TASK GOAL:
For every entry below, give it back exactly and leave out any image.

THE DATA:
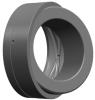 Angular contact  spherical plain bearing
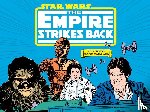 Lucasfilm Ltd., Lucasfilm - Star Wars: The Empire Strikes Back (A Collector's Classic Board Book)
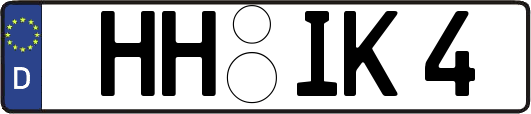 HH-IK4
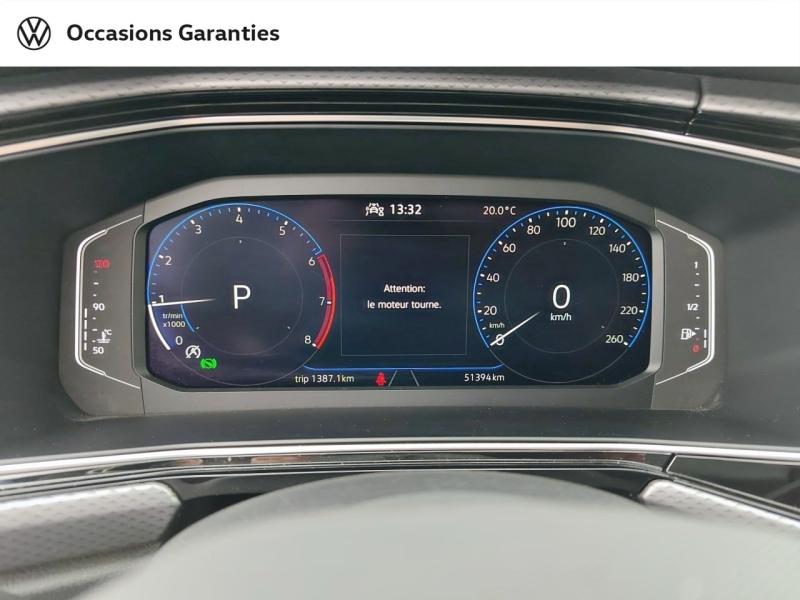 Voitures occasions VOLKSWAGEN T-CROSS Active Laxou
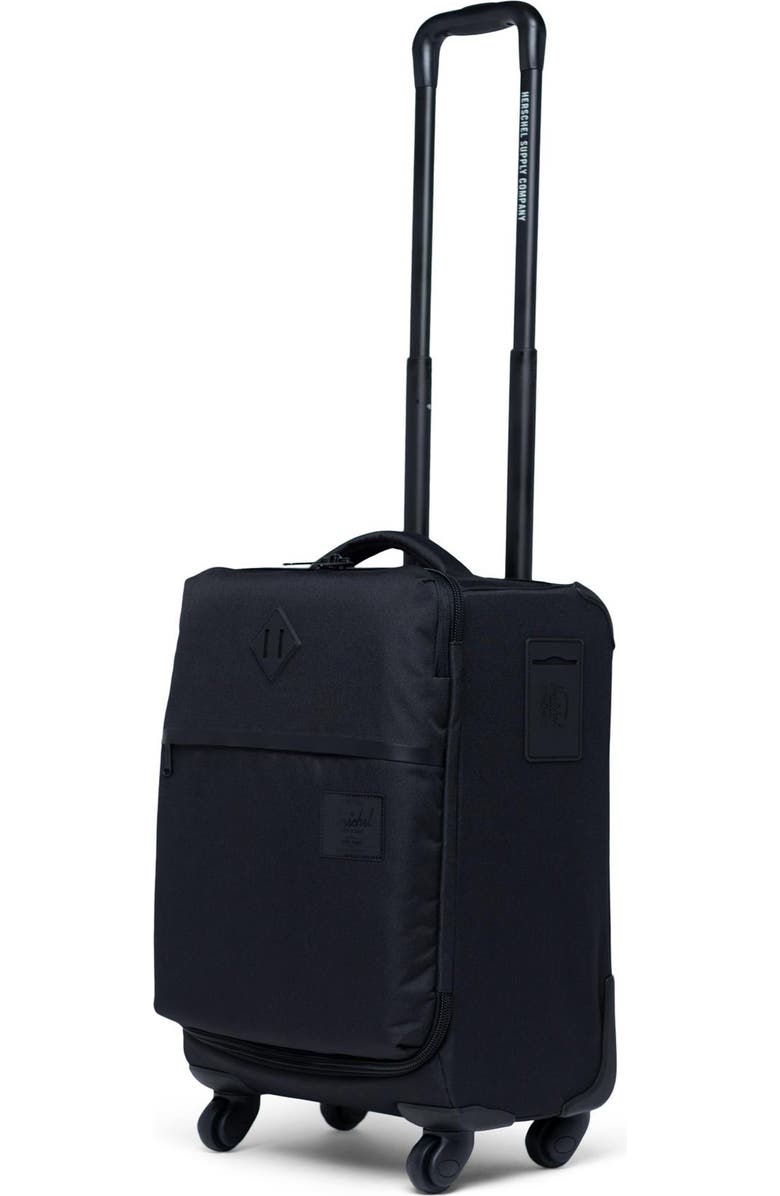 Herschel Supply Co. Highland 22-Inch Wheeled Carry-On, Alternate, color, 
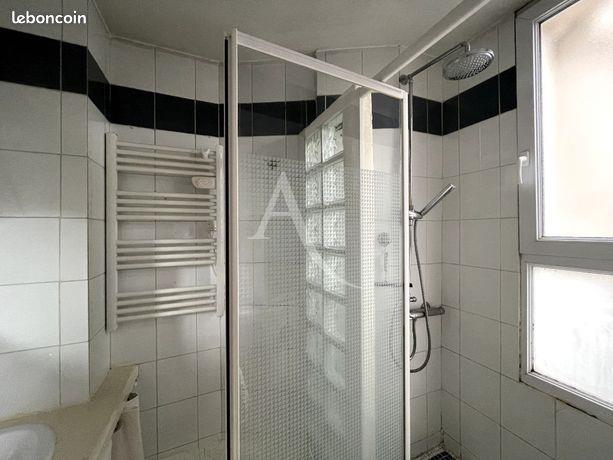 Appartement à louer, 39m², Paris 11ème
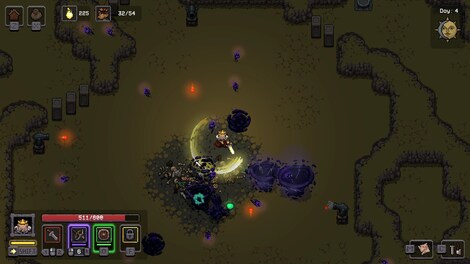 Kingsgrave (PC) - Steam Gift - NORTH AMERICA - 3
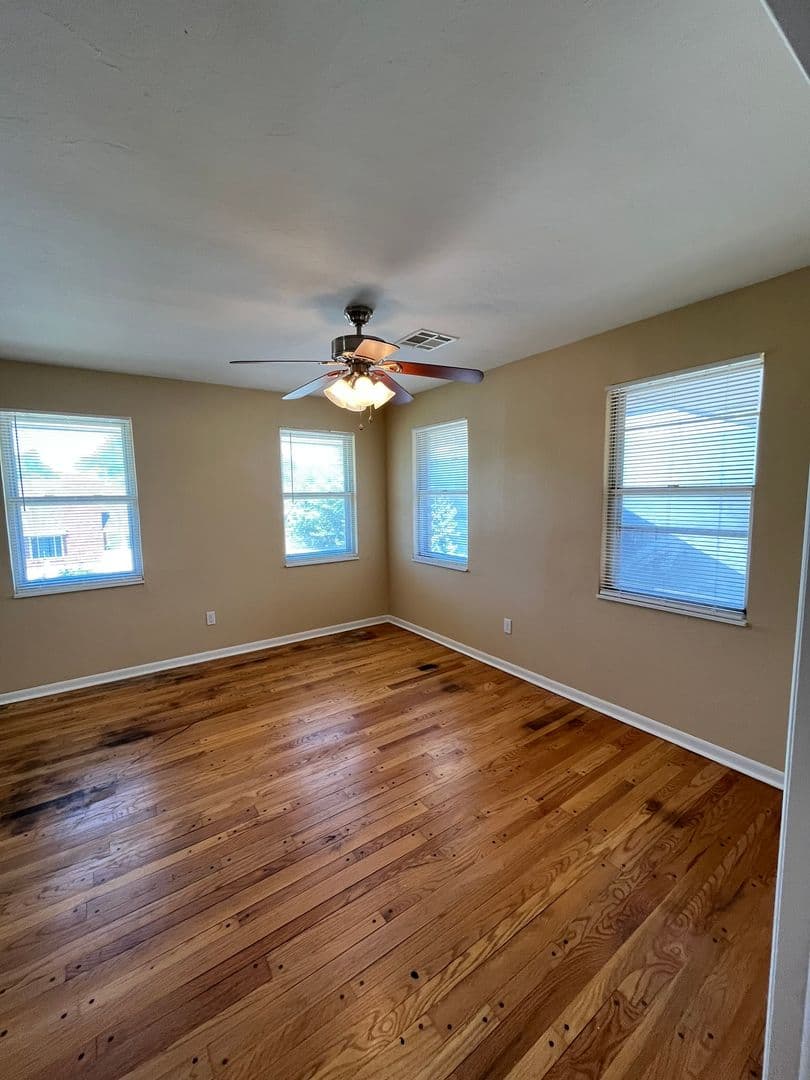 Oklahoma City Apartment: 3617 N Drexel Blvd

SOLUTION BELOW:
 Angular contact  spherical plain bearing
 Lucasfilm Ltd., Lucasfilm - Star Wars: The Empire Strikes Back (A Collector's Classic Board Book)
 HH-IK4
 Voitures occasions VOLKSWAGEN T-CROSS Active Laxou
 Herschel Supply Co. Highland 22-Inch Wheeled Carry-On, Alternate, color, 
 Appartement à louer, 39m², Paris 11ème
 Kingsgrave (PC) - Steam Gift - NORTH AMERICA - 3
 Oklahoma City Apartment: 3617 N Drexel Blvd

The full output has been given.